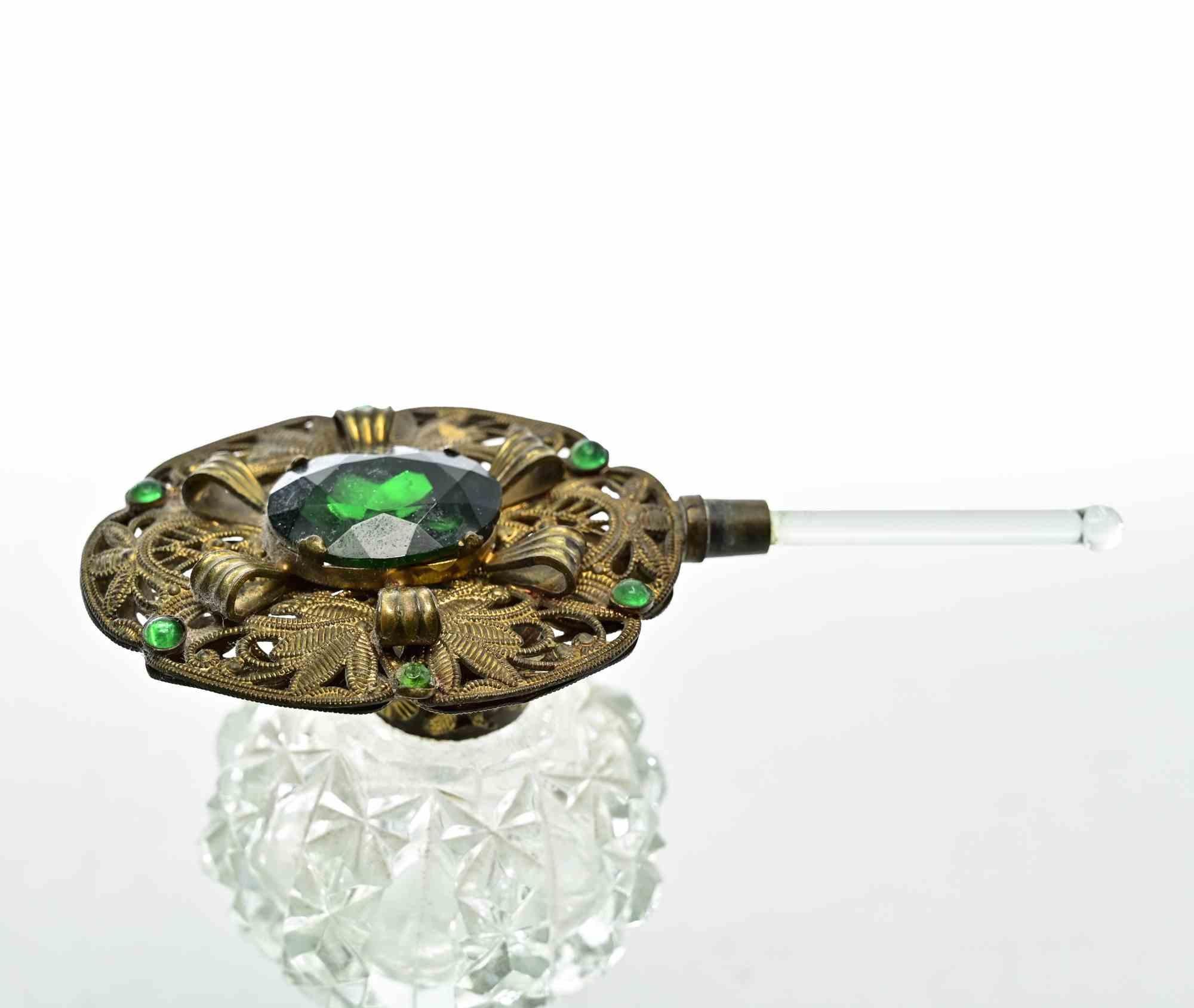 Mid-20th Century Czechoslovakian Art Deco Glass Perfume Bottle, 1930s For Sale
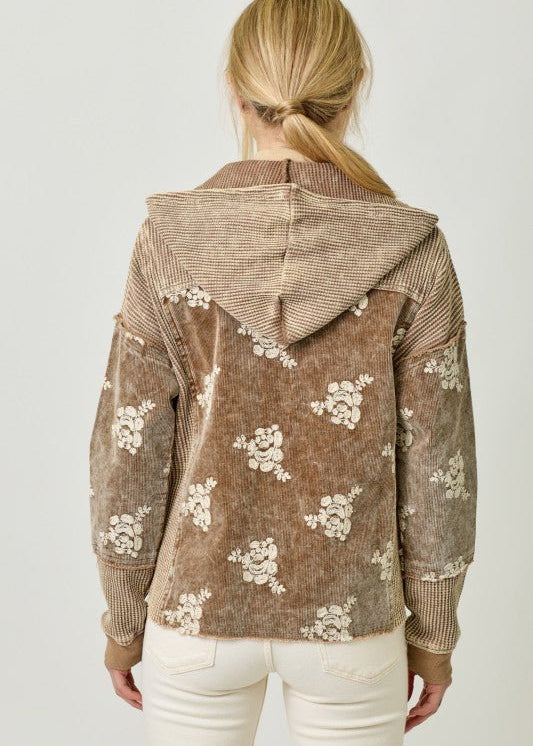 Washed Toffee Embroidered Hoodie Jacket - The Nines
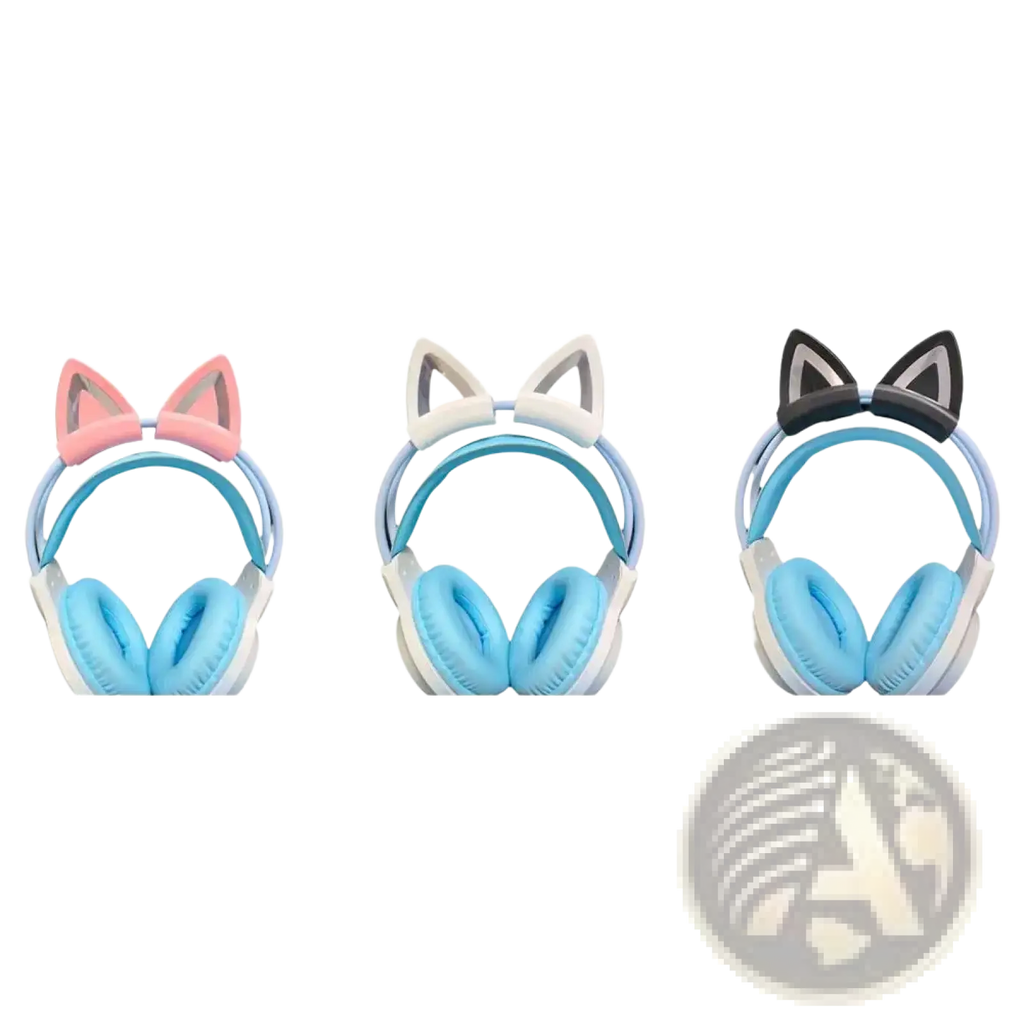 Silicone cat ear headset attachments in pastel pink white and black with soft blue earcups for comfortable wear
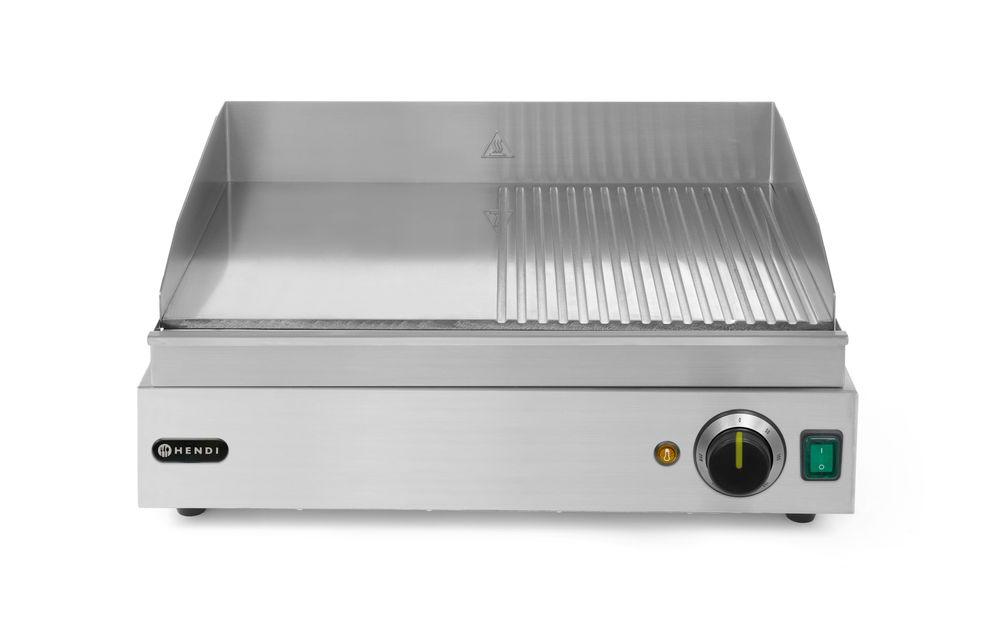 Grill - moitié rainuré, HENDI, Profi Line, 1/2 lisse, 1/2 rainuré, 230V/2400W, 550x380x(H)240mm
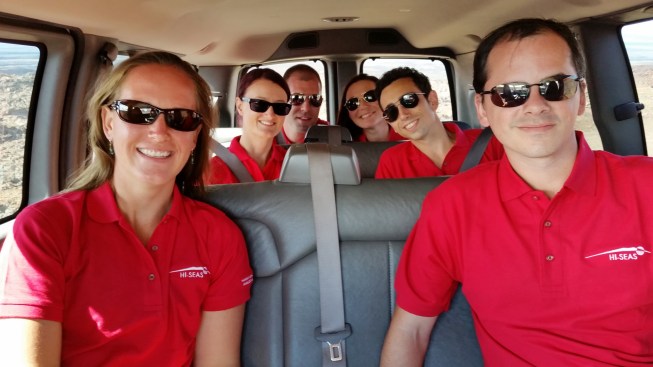 The six-member crew for HI-SEAS Mission IV (l to r): crew commander Carmel Johnston; chief scientific officer and crew physicist Christiane Heinicke; chief engineering officer Andrzej Stewart; chief medical and safety officer and crew journalist Sheyna Gifford; crew biologist Cyprien Verseux; and crew architect Tristan Bassingthwaighte. Photo taken on the first day of Mission IV.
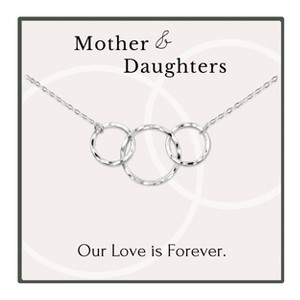 HOPE LOVE SHINE Mother and 2 Daughters Necklace – 3 Gold Silver Interlocking Rings, Gift for Mom, Mother’s Day Jewelry - 1 of 1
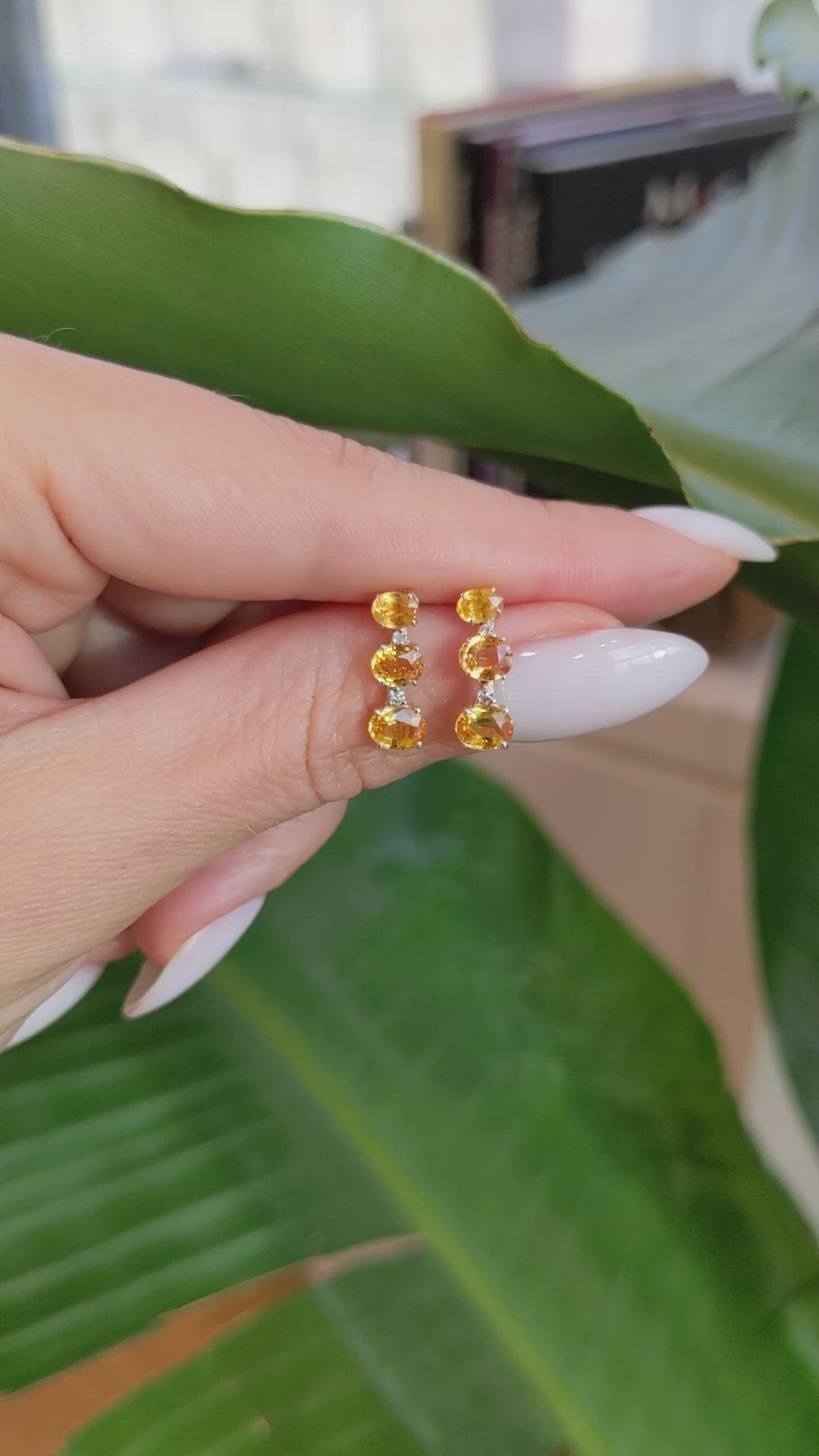 1.06&nbsp;Ct.Tw.Total Carat Weight Yellow Sapphire and Natural Diamond Drops Earrings, 14K Yellow Gold Size Video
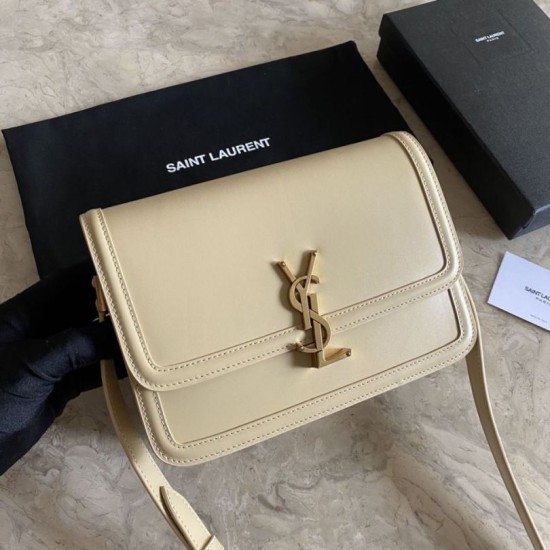 Fake YSL Saint Laurent Solferino Medium Monogram Satchel Bag Apricot Replica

────

- What the task asks: From the line with "Washed Toffee Embroidered" through the end of the listing, write out every line exactly, leaving out the pictures.

- Solution to the problem:
 Washed Toffee Embroidered Hoodie Jacket - The Nines
 Silicone cat ear headset attachments in pastel pink white and black with soft blue earcups for comfortable wear
 Grill - moitié rainuré, HENDI, Profi Line, 1/2 lisse, 1/2 rainuré, 230V/2400W, 550x380x(H)240mm
 The six-member crew for HI-SEAS Mission IV (l to r): crew commander Carmel Johnston; chief scientific officer and crew physicist Christiane Heinicke; chief engineering officer Andrzej Stewart; chief medical and safety officer and crew journalist Sheyna Gifford; crew biologist Cyprien Verseux; and crew architect Tristan Bassingthwaighte. Photo taken on the first day of Mission IV.
 HOPE LOVE SHINE Mother and 2 Daughters Necklace – 3 Gold Silver Interlocking Rings, Gift for Mom, Mother’s Day Jewelry - 1 of 1
 1.06&nbsp;Ct.Tw.Total Carat Weight Yellow Sapphire and Natural Diamond Drops Earrings, 14K Yellow Gold Size Video
 Fake YSL Saint Laurent Solferino Medium Monogram Satchel Bag Apricot Replica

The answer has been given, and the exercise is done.